**What to do:**
Return the data below unchanged. Drop any pictures.

**Stored data:**
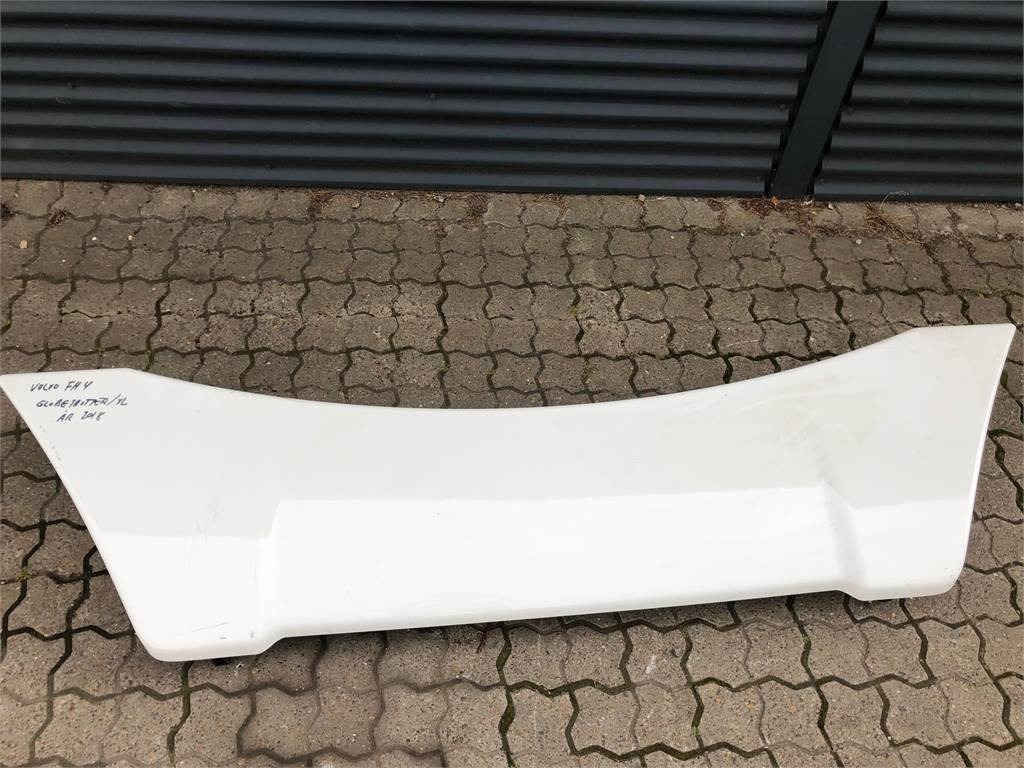 Volvo Tagspoiler Volvo FH Globetrotter 2018 - Aerodynamics/ Spoiler for Truck: picture 2 Volvo Tagspoiler Volvo FH Globetrotter 2018 - Aerodynamics/ Spoiler for Truck: picture 2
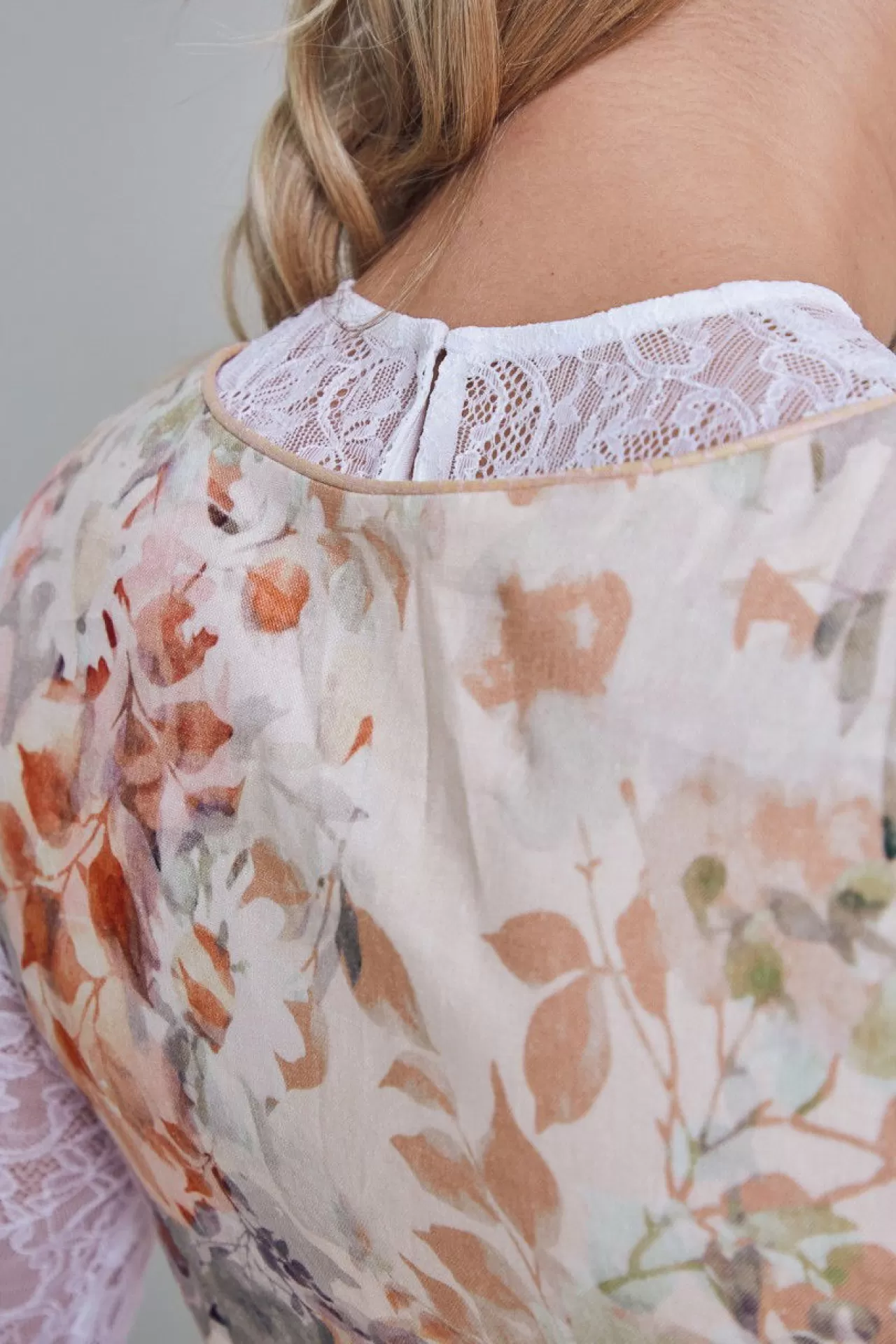 zarte_spitzenbluse_mit_langem_arm_8.webp Zarte Spitzenbluse Mit Langem Arm^Sportalm Best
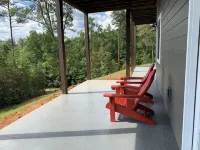 Butterfly Mountain Cabin for 8 w/amazing view+wifi, 3 bdrm, 3.5 bath, & firepit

**Reply:**
 Volvo Tagspoiler Volvo FH Globetrotter 2018 - Aerodynamics/ Spoiler for Truck: picture 2 Volvo Tagspoiler Volvo FH Globetrotter 2018 - Aerodynamics/ Spoiler for Truck: picture 2
 zarte_spitzenbluse_mit_langem_arm_8.webp Zarte Spitzenbluse Mit Langem Arm^Sportalm Best
 Butterfly Mountain Cabin for 8 w/amazing view+wifi, 3 bdrm, 3.5 bath, & firepit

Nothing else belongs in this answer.